TRY IT – Leaving pictures aside, set down each line exactly, from the first line of the data to the line with "Go ahead and type", both included.

[Dataset entries]
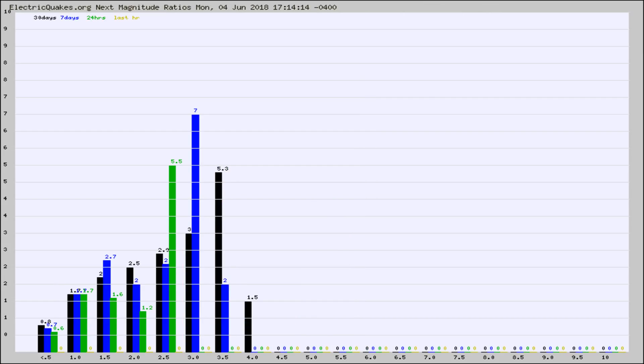And now you're seeing the same thing for just the subset area in California. Again, the black column is 30 days, blue is 7, green is 24 hours, and gold is in the last hour.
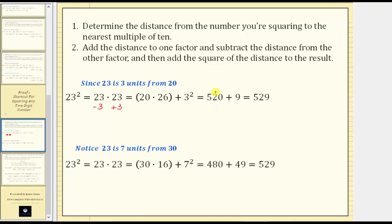Now I do want to mention: the first step asks us to determine the distance to the nearest multiple of 10, but it doesn't have to be, and the process still works. For example, looking at 23 squared again, notice 23 is seven units from 30. Using this fact, if we add seven to the first factor, subtract seven from the second factor, and then add seven squared, we still get the same value. This gives us 30 times 16 plus seven squared, which equals 480 plus 49, which is still 529.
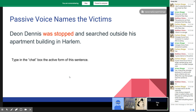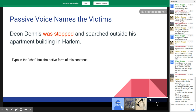Go ahead and type in the chat box the active form of the sentence: 'Dion Dennis was stopped and searched outside his apartment building in Harlem.' How would you write about sharks in the passive voice? You'd be saying things like 'Shrimp or krill is a main staple of some sharks' or 'Dead whale carcasses are eaten by sharks.' That would drive me nuts.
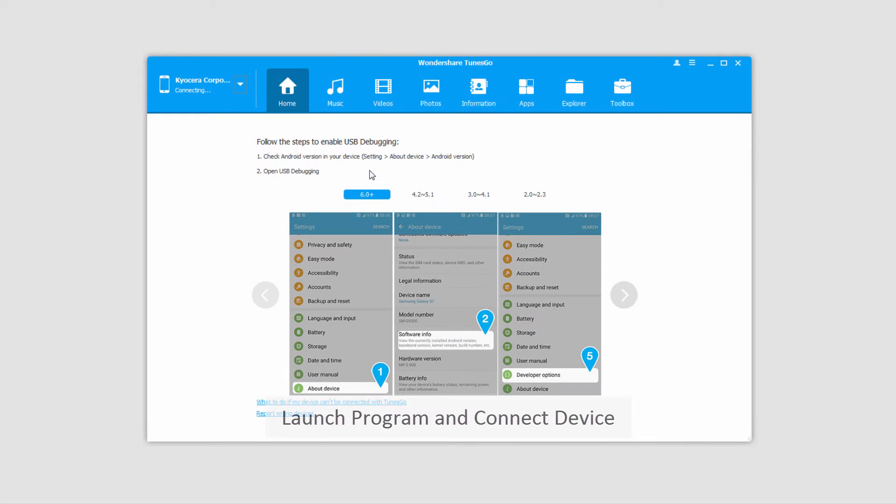The first step is to go ahead and launch the program, and after that we'll connect our iOS device with our computer.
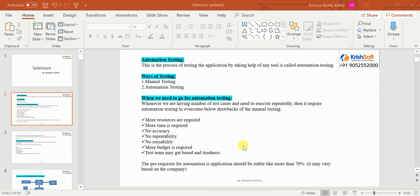The tool will perform all those operations on behalf of us — that is automation testing. Manual testing means you need to perform each and everything manually. In automation testing, you give instructions to the tool, and the tool takes care of performing all those operations on your application. The tool will give you what passed and what failed, and those results we need to give to our management.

REPLY –
And now you're seeing the same thing for just the subset area in California. Again, the black column is 30 days, blue is 7, green is 24 hours, and gold is in the last hour.
Now I do want to mention: the first step asks us to determine the distance to the nearest multiple of 10, but it doesn't have to be, and the process still works. For example, looking at 23 squared again, notice 23 is seven units from 30. Using this fact, if we add seven to the first factor, subtract seven from the second factor, and then add seven squared, we still get the same value. This gives us 30 times 16 plus seven squared, which equals 480 plus 49, which is still 529.
Go ahead and type in the chat box the active form of the sentence: 'Dion Dennis was stopped and searched outside his apartment building in Harlem.' How would you write about sharks in the passive voice? You'd be saying things like 'Shrimp or krill is a main staple of some sharks' or 'Dead whale carcasses are eaten by sharks.' That would drive me nuts.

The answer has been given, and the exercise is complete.